We Do Not ‘Push’ People to Spend, EA Responds to New FUT Controversy
FIFA Ultimate Team is the “cornerstone” of EA Sports’ football-sim FIFA games and the video gaming giant does “everything [it] can to drive players there”, including deploying “content teasers” and “targeted messaging” to “funnel” FIFA 21 players towards FUT game mode and “incentivise” them to convert, according to a leaked internal document. FUT is heavily monetised and employs the use of loot boxes, a highly controversial video game feature that allows you to purchase packs of football players for real money — but the players you get are randomised to an extent that offers terrible odds.
Details on the leaked 54-page document come from Canadian publication CBC News, which has published select presentation sides that talk about EA Sports’ marketing plans in the run-up to the release of FIFA 21 — the game launched last October worldwide — and are largely targeted to FIFA Ultimate Team, which makes huge money for the publisher Electronic Arts. In 2020, EA made nearly $1.5 billion (about Rs. 11,191 crores) from loot boxes present in EA Sports titles, according to its annual earnings report. The leaked document goes so far to even say that “all roads lead to FUT”.

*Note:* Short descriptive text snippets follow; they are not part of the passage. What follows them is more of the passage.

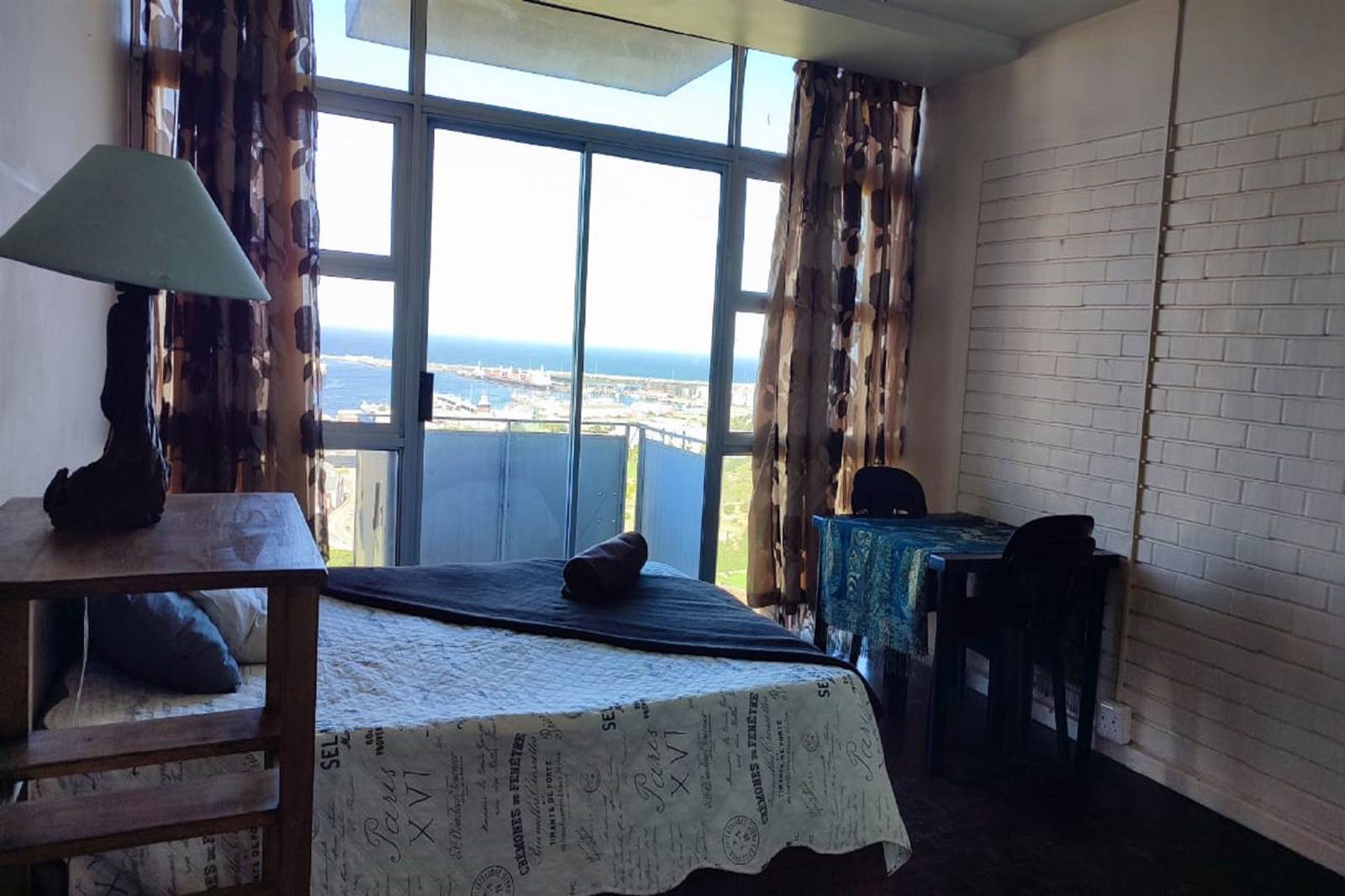 1 Bed Apartment in Port Elizabeth Central photo number 21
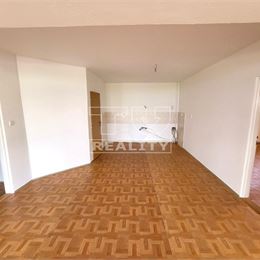 VEĽKOMETRÁŽNY NEBYTOVÝ PRIESTOR VYUŹIVANÝ AKO 4i BYT, CENTRUM, 118m²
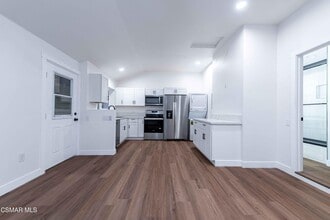 2642 Blue Ridge Cir in Simi Valley, CA - Foto de edificio - Building Photo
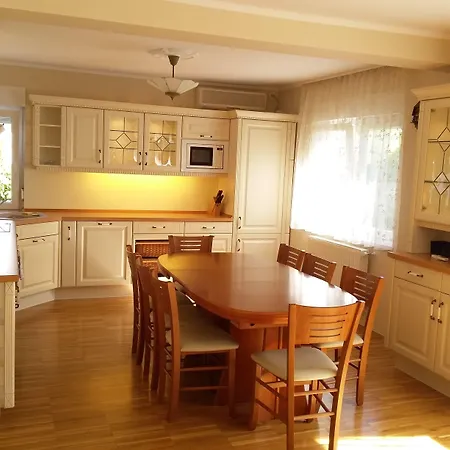 Bbq Гостьовий будинок 3*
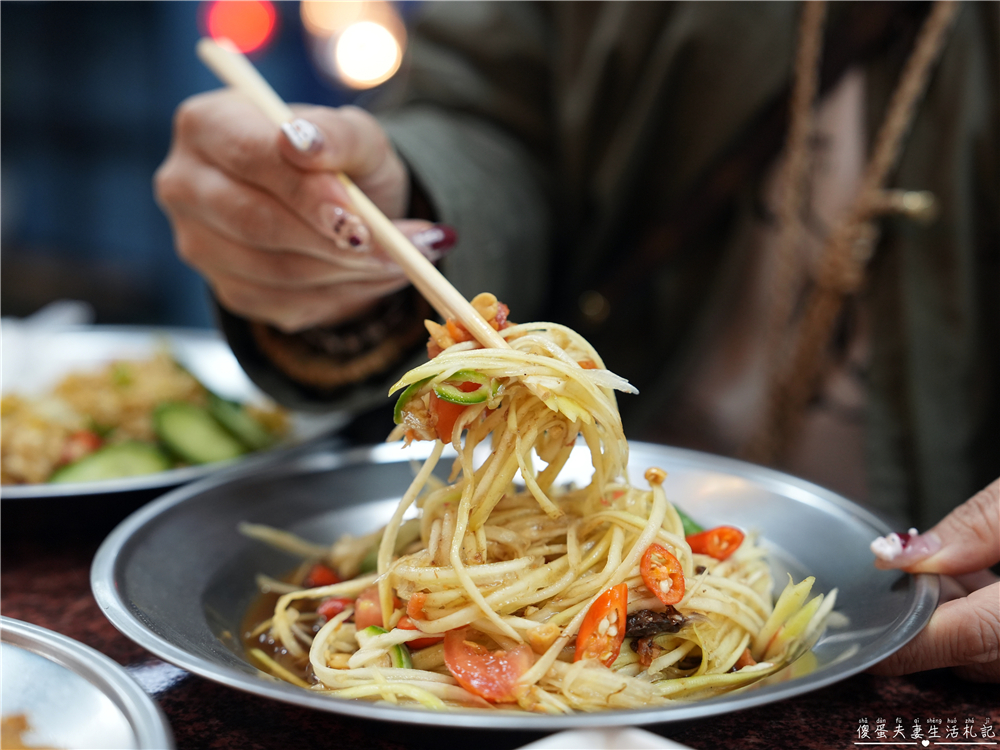 【苗栗市美食】『芳賴泰國船麵』火旁人市集的超夯泰式料理！還有可愛吸睛嘟嘟車喔~ @傻蛋夫妻生活札記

EA penned a strongly-worded response later on Monday, calling the CBC News report a “sensationalised” story that misrepresented facts and ignored “important information and context”. We do not “push” people to spend in our games, EA added. It acknowledged the authenticity of the leaked document as it noted that nothing in the leaked document “contradicts” that it’s driving FUT engagement not spending. But the language in the internal document suggests otherwise. FIFA players have also noted the worsening state of FUT rewards, which again pushes frustrated players to spend real money.
Experts argue that game modes such as FUT are akin to gambling, given the behaviours they encourage. Belgium was the first government to agree and the country banned loot boxes in 2018. Lawsuits are underway elsewhere and other countries are wrestling with loot boxes’ ties to gambling, though the laws around games of chance are very outdated in most areas, a gaming researcher told CBC News. EA, for its part, “firmly disagrees” that FIFA involves gambling and argues that loot boxes aren’t gambling as there is no “cashout method”.